» **Work required**
Could you give back exactly the lines below from the one with "Used Toyota HiLux 2022 White Pickup" through the one with "Психолозите тврдат дека", without a single picture?

» **Material for the task**
=== Section Start ===

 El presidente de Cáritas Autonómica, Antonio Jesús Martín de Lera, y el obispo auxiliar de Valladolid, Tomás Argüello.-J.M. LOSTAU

=== Section End ===
=== Section Start ===

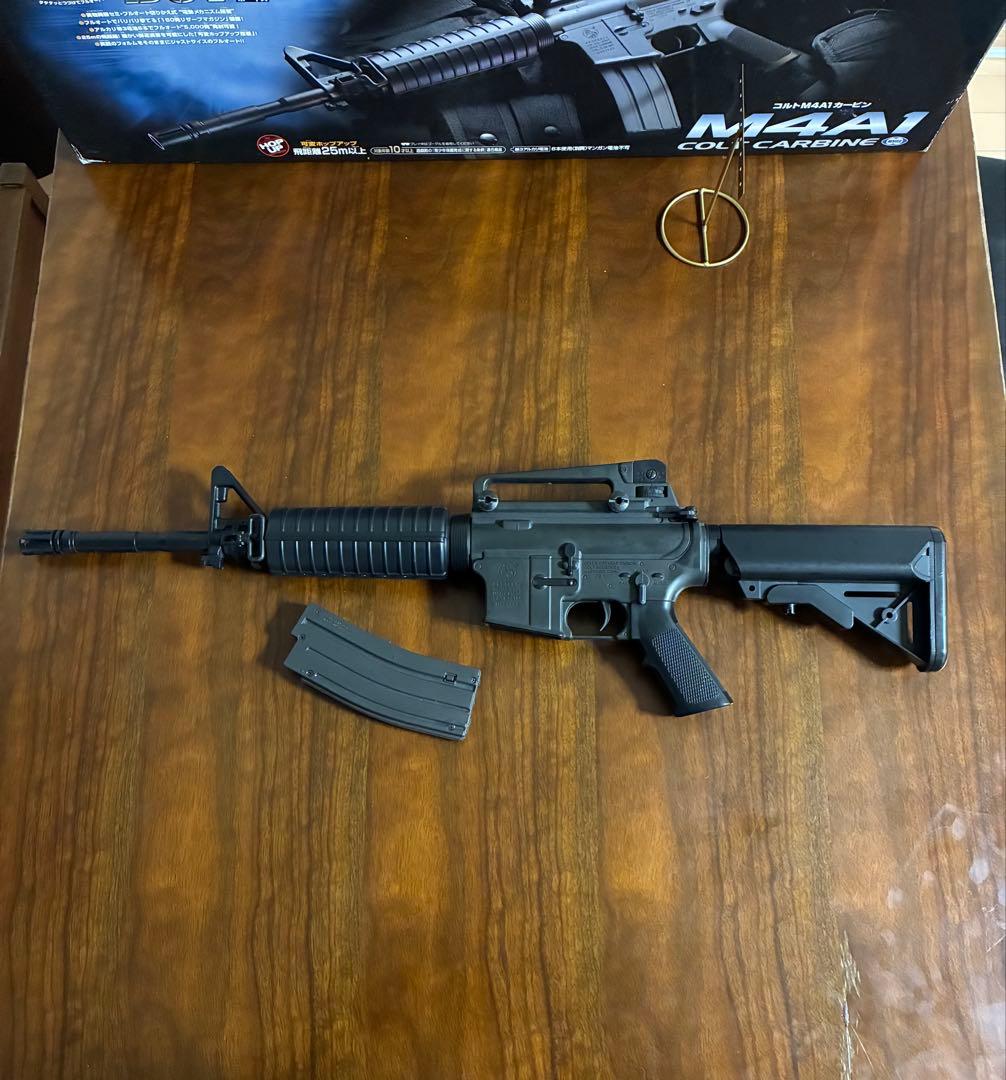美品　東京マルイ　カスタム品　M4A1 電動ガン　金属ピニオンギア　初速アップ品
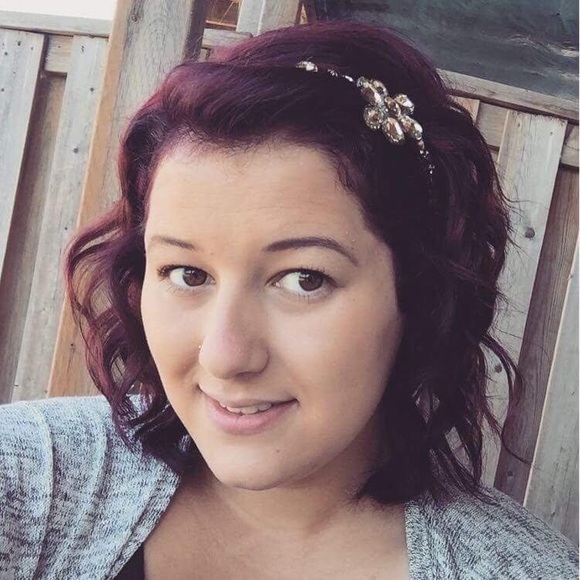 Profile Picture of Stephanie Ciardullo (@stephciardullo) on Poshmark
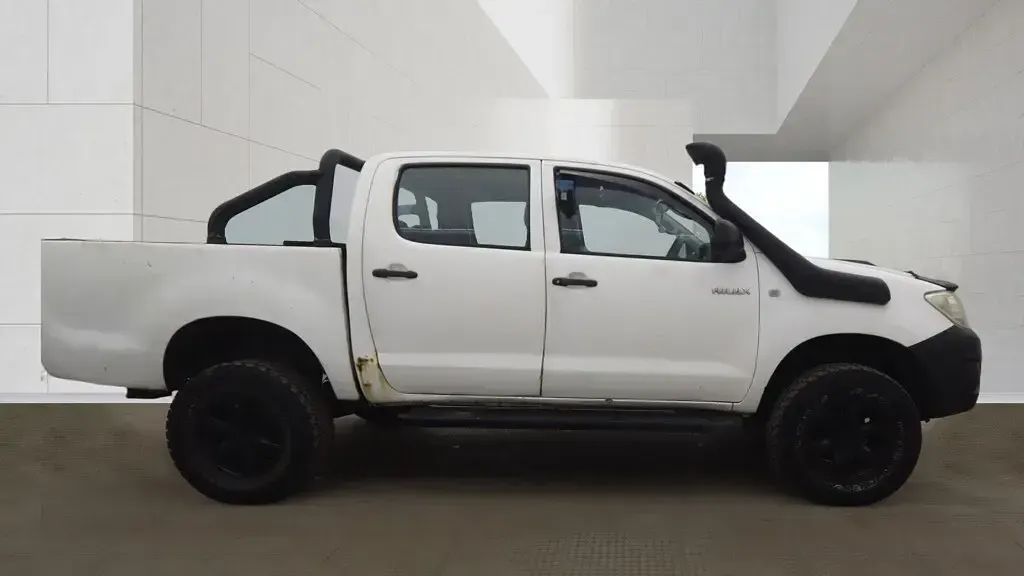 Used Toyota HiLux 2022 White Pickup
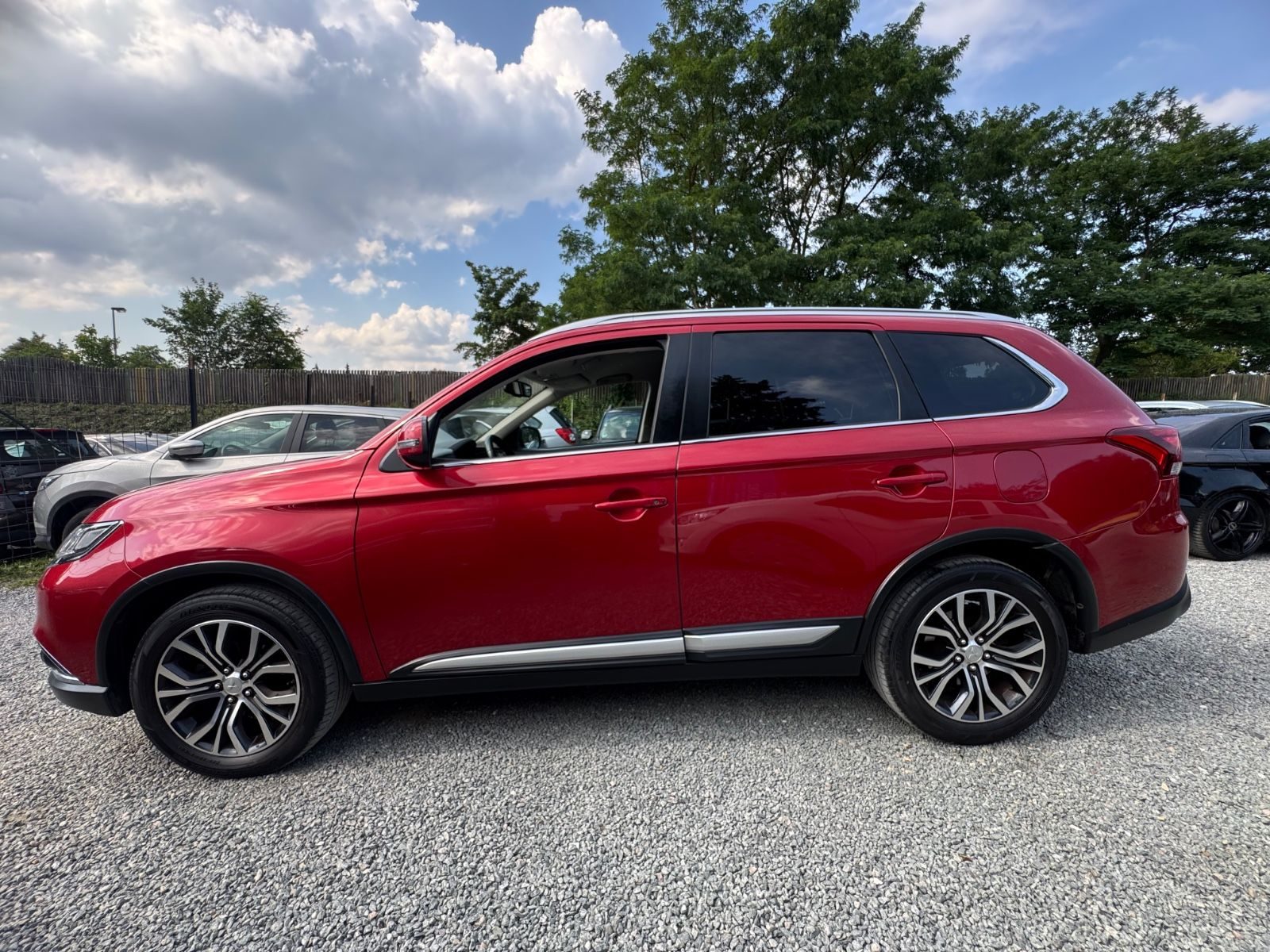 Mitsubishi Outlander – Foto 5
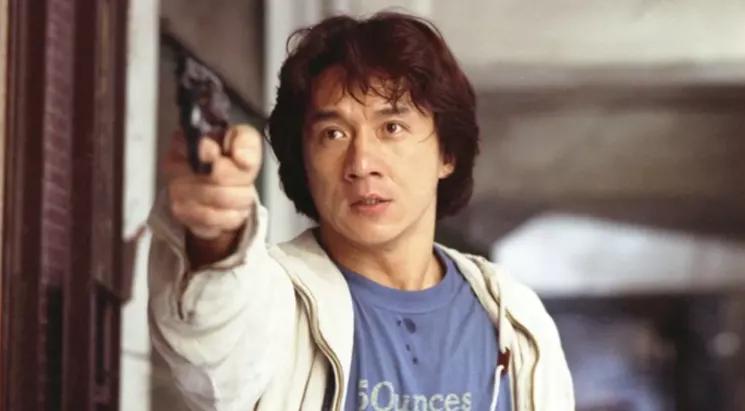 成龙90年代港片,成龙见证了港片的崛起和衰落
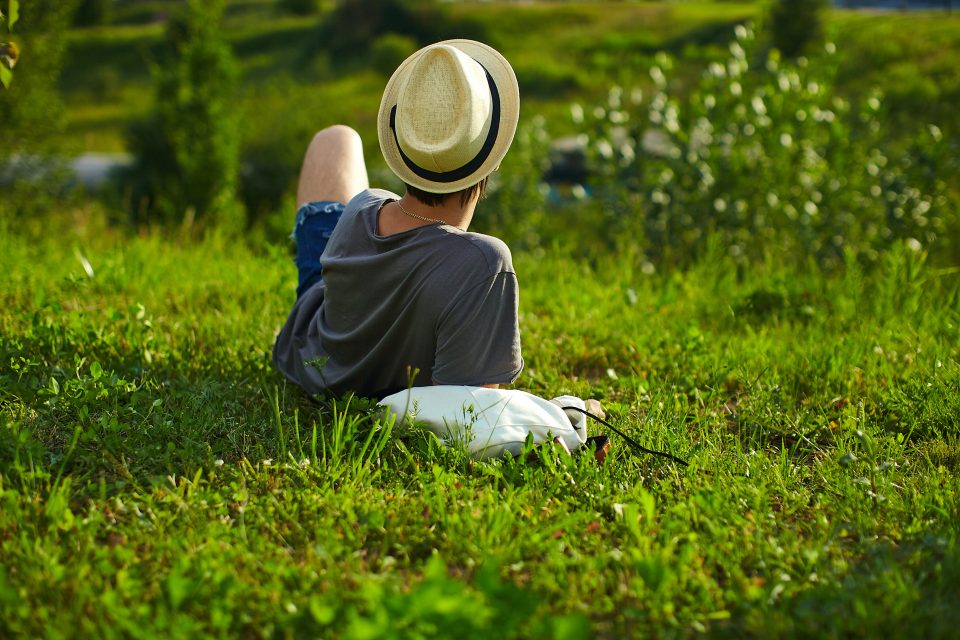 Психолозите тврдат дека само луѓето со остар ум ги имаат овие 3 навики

=== Section End ===

» **Answer to the exercise**
 Used Toyota HiLux 2022 White Pickup
 Mitsubishi Outlander – Foto 5
 成龙90年代港片,成龙见证了港片的崛起和衰落
 Психолозите тврдат дека само луѓето со остар ум ги имаат овие 3 навики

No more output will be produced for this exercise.